Di Jambi, belida kerap jadi olahan kuliner rumahan hingga rumah makan Minang. Meski tak semua rumah makan di Jambi menyediakan menu belida. Saya mendapati rumah makan di Kota Jambi menjual ikan bakar belida, satu potong Rp40.000.

Dua dekade terakhir populasi belida di alam liar mulai menghawatirkan dan terancam. Pemerintah mengeluarkan Peraturan Pemerintah No.7 Tahun 1999 tentang Pengawetan Jenis Tumbuhan dan Satwa, mencantumkan semua jenis dari genus Notopterus (belida Jawa dan lopis Jawa) dilindungi.

Peraturan Menteri Lingkungan Hidup dan Kehutanan lantas memperkuat penyelamatan satwa dilindungi termasuk belida, lewat Permen LHK No.20/2018, mencantumkan semua famili Notopteridae dilindungi: belida Borneo, belida Sumatera, belida lopis, belida Jawa.

Ironisnya, warga di kalangan bawah terutama pemancing, penjual ikan di pasar tak tahu aturan ini.

Akhir Mei 2018, Mulyadi pedagang hewan di Kecamatan Rimbo Tengah, Bungo ditangkap tim gabungan Balai Konservasi Sumber Daya Alam (BKSDA) Jambi, Balai Gakkum dan Polda Jambi. Mulyadi ditangkap karena kedapatan menjual belida.

Di dalam ruko milik Muyadi, tim gabungan menemukan 23 belida rata-rata 52-86 sentimeter, disimpan dalam lemari pendingin. Tim juga menemukan satu ular sanca hidup, dan tiga lembar kulit ular sanca yang dikeringkan di atas papan.

Kepala BKSDA Jambi, Rahmad Saleh mengatakan, ada dua pedagang yang jadi target operasi saat itu. Mulyadi ditangkap karena kedapatan memperdagangkan belida.

“Kalau yang satu itu tidak jual hewan dilindungi,” katanya.

Banyak penangkapan yang tak mempedulikan kelestarian, membuat populasi belida di Jambi, terancam. Di Palembang, kata Rahmad, belida terkenal dibuat pempek, kerupuk kemplang dan pindang. Karena sudah sulit didapatkan, banyak yang mengganti bahan dengan gabus.

“Sudah sangat langka, seharusnya pemerintah benar-benar melindungi, kalau tidak ini (belida) habis dari muka bumi.”

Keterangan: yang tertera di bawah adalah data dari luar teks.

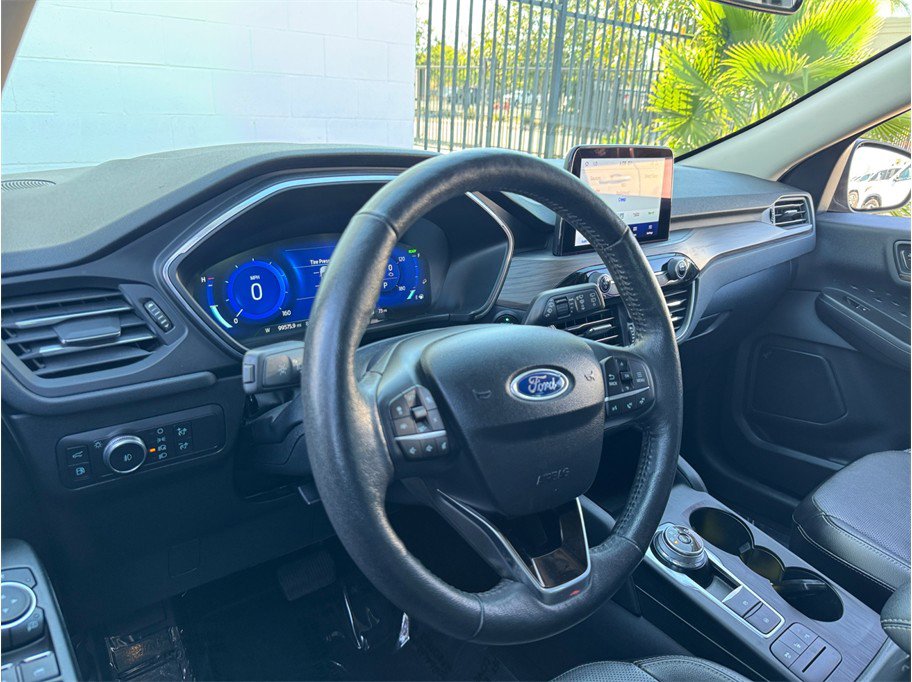 Used 2020 Ford Escape Titanium image 23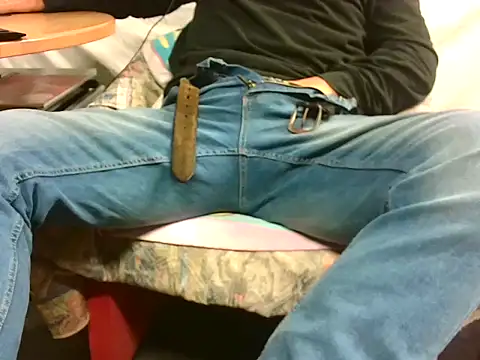 Snapshot of Giulio35_Pika chatting on November 5, 2025, 5:27 pm Giulio35 Pika online show from November 5, 2025, 5:27 pm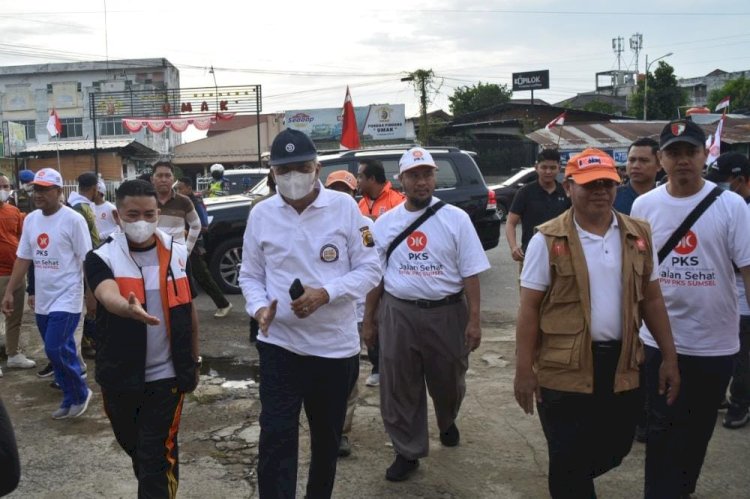 Wakil Gubernur Sumsel Mawardi Yahya saat hadir pada acara jalan sehat yang diadakan PKS. (Ist)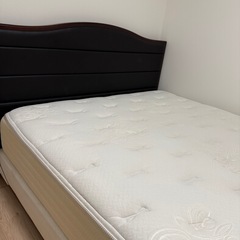 キングサイズベッドの画像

Katanya, rumah makan dan restoran yang menjual menu belida seharusnya juga diproses. Meski demikian, dia mengaku belum ada pemilik rumah makan atau restoran yang ditangkap karena menjual menu belida.

 

Pasar Handil di Kota Jambi sudah umum bagi warga dan pemilik rumah makan atau pengusaha kuliner mendapatkan ikan air tawar, termasuk belida. Foto: Yitno Suprapto/ Mongabay Indonesia

 

Rahmad membenarkan, Mulyadi orang pertama yang ditangkap karena menjual belida.

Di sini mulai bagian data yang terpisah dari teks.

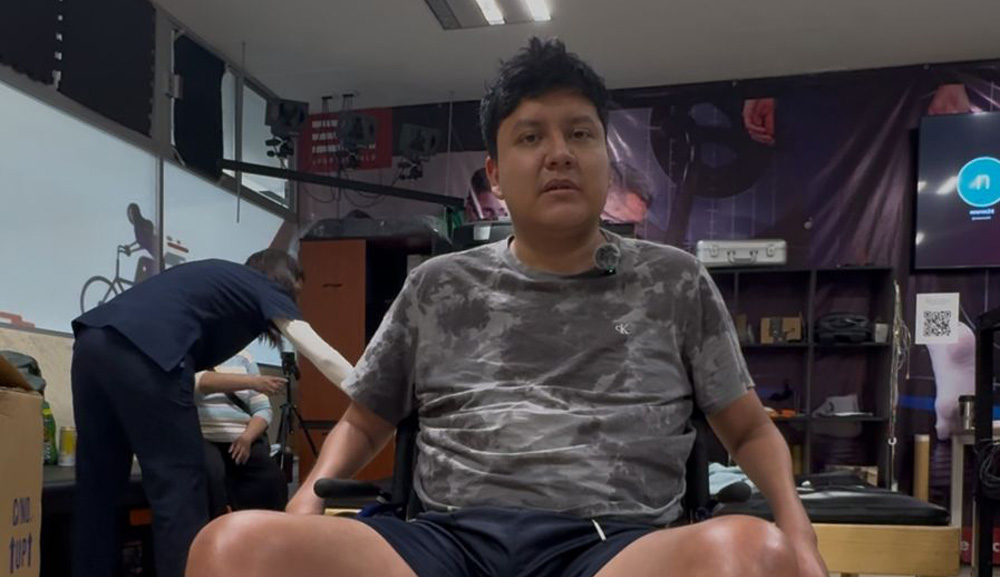 Donadores anónimos entregan sillas de ruedas a pacientes con lesión medular 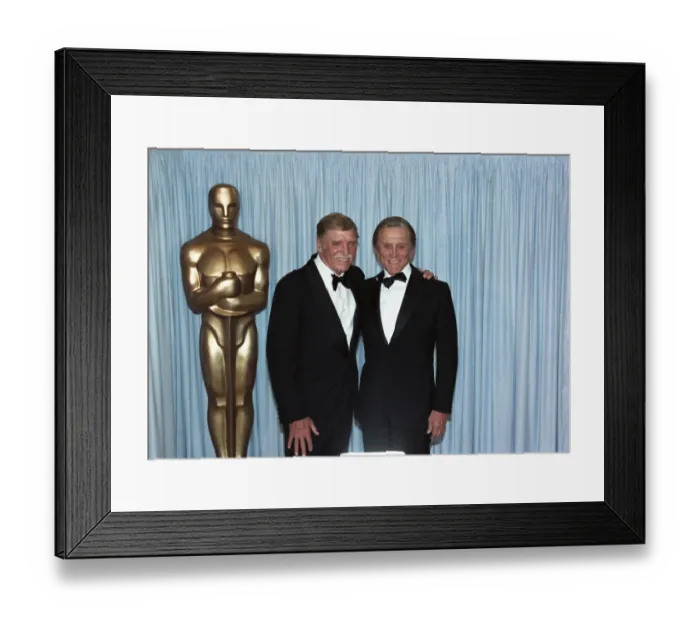 Framed Print : Kirk Douglas Framed Print : Kirk Douglas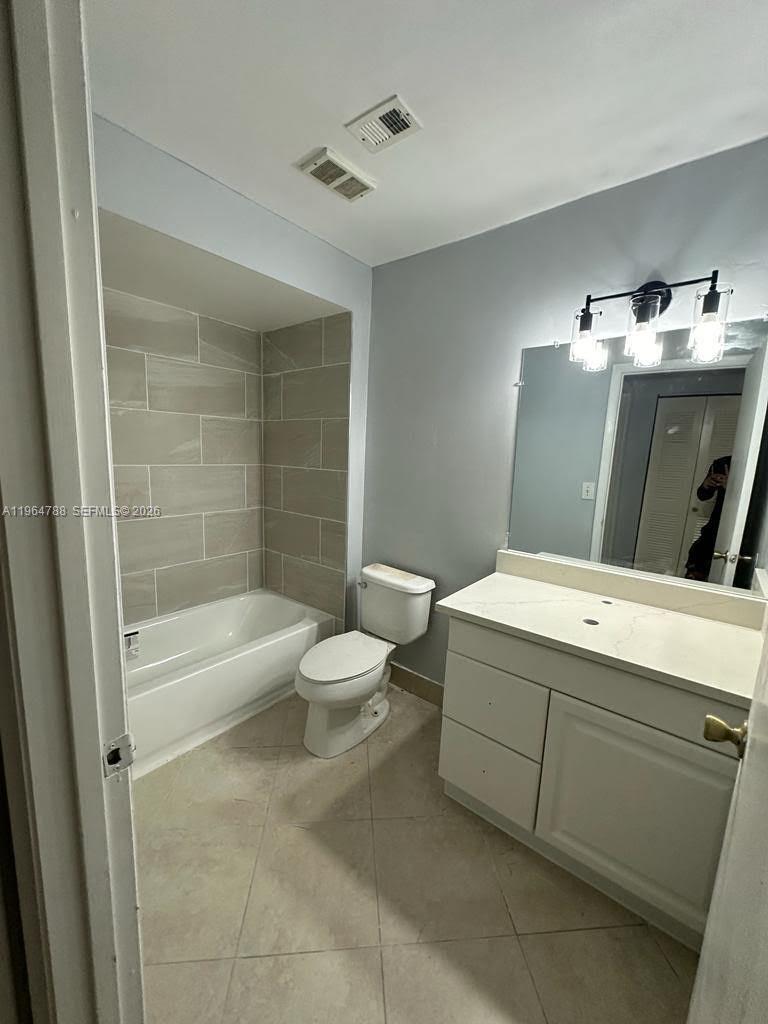 9999 Summerbreeze Dr 715, Sunrise, FL, 33322/$235,000 4 9999 Summerbreeze Dr 715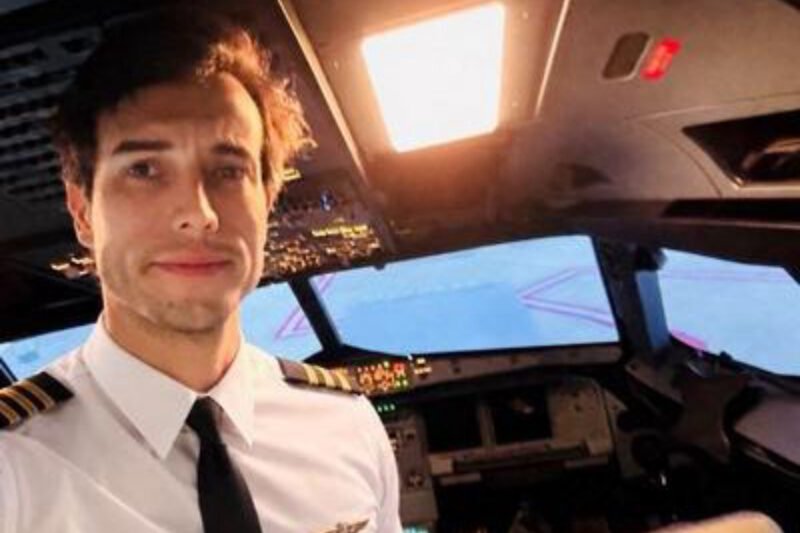 Leandro Andrés Bertazzo, pilotul care a sărit dintr-un avion. Cursanta a aterizat singură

“Kalau hasil penangkaran boleh. Kita yang keluarkan izin nanti.”

Setelah lima bulan ditahan sejak penangkapan, Pengadilan Negeri Bungo akhirnya menjatuhkan vonis 1,5 tahun penjara pada Mulyadi. Vonis ini lebih ringan dari tuntutan Jaksa Penuntut Umum yang ingin Mulyadi dihukum 2,5 tahun, denda Rp100 juta subsidair enam bulan penjara. Mulyadi melanggar Pasal 40 ayat (2) junto Pasal 21 ayat (2) ke-2 huruf b atau Undang-undang RI No.5/1990 tentang Konservasi Sumber Daya Alam dan Ekosistemnya, dengan ancaman lima tahun penjara.

Juru Bicara Pengadilan Negeri Bungo, Rizal menceritakan, dalam persidagan Mulyadi mengakui jika belida di dalam freezer itu miliknya. Dia beli dari pemancing, dan akan menjual kembali dengan untung Rp70.000 per kilogram.

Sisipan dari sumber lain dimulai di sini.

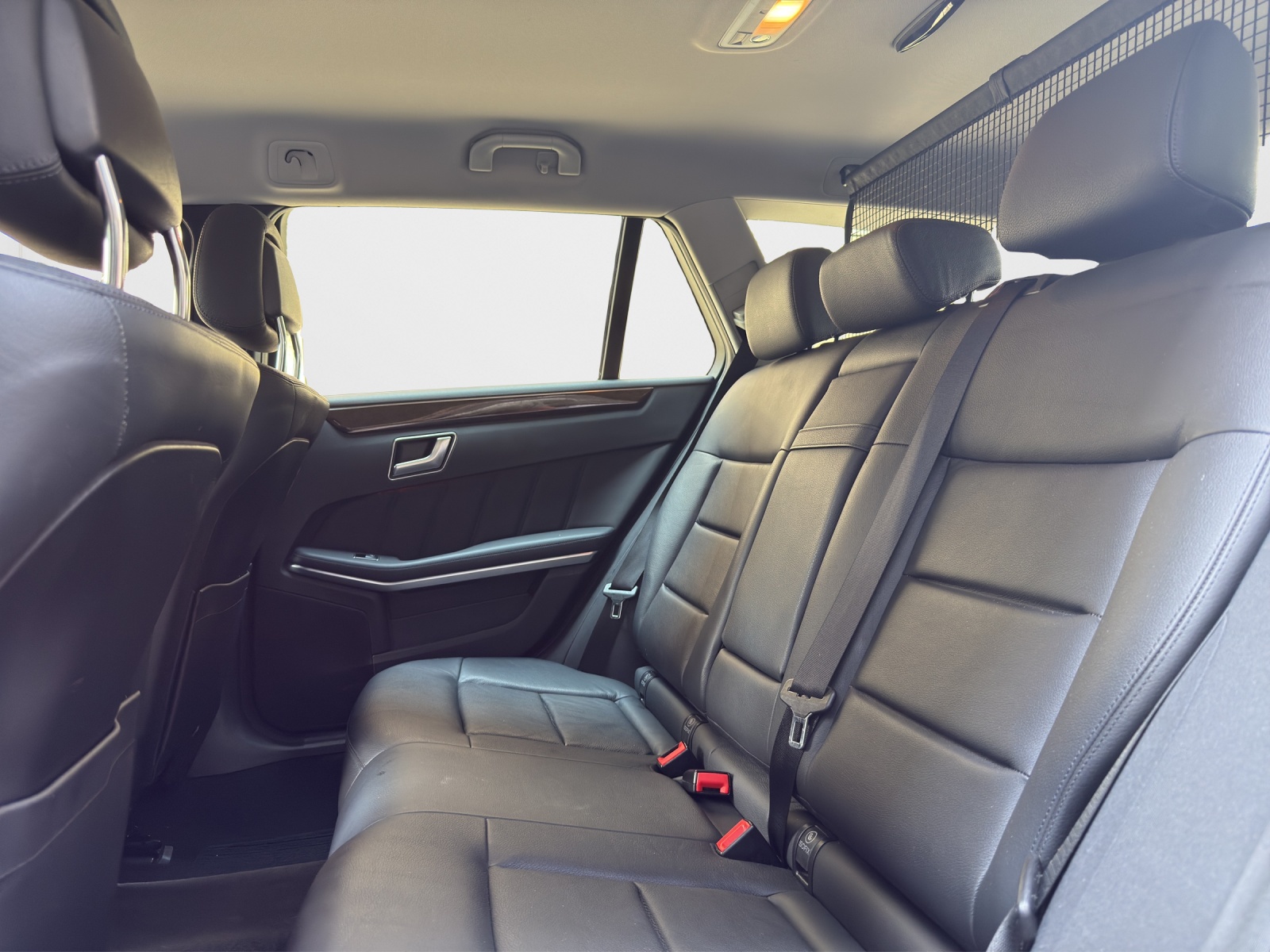 MERCEDES-BENZ E 350 CDI BlueEfficiency 4Matic 7G-Tronic-image-16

Hakim Flowerry Yulidas memutus Mulyadi lebih ringan dengan pertimbangan terdakwa jujur dalam persidangan dan belum pernah dihukum sebelumnya.

Dalam persidangan Mulyadi mengaku tidak tahu ada peraturan yang melarang perdagangan belida. Alasan itu tak dapat jadi alasan untuk meringankannya.

Rizal menjelaskan, hukum di Indonesia menganut asas fiksi hukum. Setiap peraturan perundangan-undangan yang telah diundangkan maka setiap orang wajib tahu.

Ndak boleh (alasan) saya tidak tahu, saya ndak baca Undang-undang itu. Tidak bisa seperti itu. Itu bertentangan dengan asas fiksi hukum,” kata Rizal. “Pokoknya kalau sudah diundangkan masyarakat wajib tahu.”

Namun, katanya, kalau mengaku tak tahu sebenarnya agak lucu, katanya, karena belida sudah sejak lama dilindungi. “Itu sejak PP 1999, cuma penegakan hukum sekarang mungkin kurang, mengingat ikan itu di Sumatera untuk pempek.”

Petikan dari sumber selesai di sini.